Burdur Cezaevi’nde yaşananlar, devletin kanlı yüzünü bize bir kez daha göstermiş bulunuyor. Ulucanlar Cezaevi’nden sonra aynı vahşeti tekrar sergilemesi ise pervasızlığının bir işaretidir. Faşist devlet hücre saldırısı için Burdur’da bir prova yapmıştır. Böylelikle hem tutsakların direncini, hem de saldırıya karşı ilerici kamuoyundan gelecek tepkiyi ölçmüştür.

Şunu söyleyebiliriz ki, Burdur saldırısı, ilerici kamuoyu tarafından sınırlı tepkilerle karşılanmıştır. Saatlerce süren operasyon, yeni bir Ulucanlar katliamı beklentisine karşın, sessiz sedasız gerçekleştirilmiştir.

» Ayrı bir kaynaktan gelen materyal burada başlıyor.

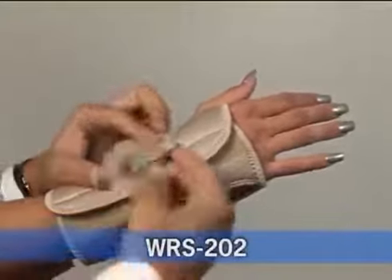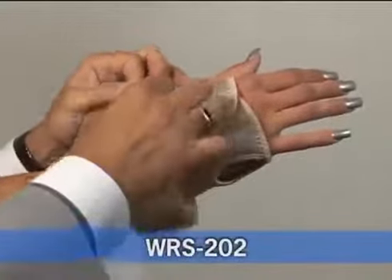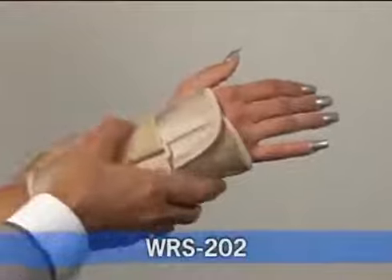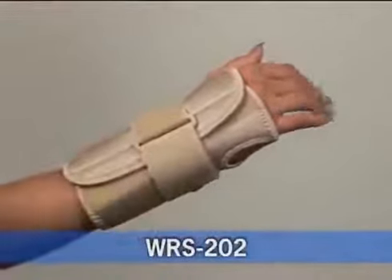WRS 202 is a universal neoprene wrist splint. It has a one palmar stay to help maintain the wrist in a neutral position. It's a breathable neoprene with terry cotton lining.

Bu nedenle, kabul etmek gerekir ki, sermaye devleti açısından bu prova başarılı olmuştur.

Burdur saldırısı ve sonuçları, gerek devrimci tutsaklar, asıl olaraksa ilerici ve devrimci kamuoyu tarafından değerlendirilmeli ve bundan gerekli dersler çıkarılmalıdır. Tek tek geliştirilecek saldırılara karşı gösterilecek tutum olağanüstü önemlidir. Hücre tipine yönelik faaliyetlerin içine aldığı kitlenin harekete geçirilmesi, saldırılara karşı daha geniş kesimlerin duyarlılıklarının anında seferber edilebilmesi, saldırılara karşı savunma çizgisinden çıkarak devlet karşısında politik bir ağırlık yaratabilecek eylem, etkinlik ve toplamında pratik duruşun sergilenebilmesi konularında, enine boyuna düşünülmeli, belirsizlikler aşılmalı ve politik-pratik çizgi somut ve hedefli bir biçimde planlanmalıdır.

Hücre saldırısının kapımıza dayandığı bir evrede Burdur operasyonu, hücrelere ancak kanla geçilebileceğini bir kez daha gösterdi. Devrimci tutsaklara sahip çıkmak, devletin yaptığı katliam ve operasyonların hesabını sormak ve hücrelere karşı mücadeleyi yükeltmekten geçmektedir.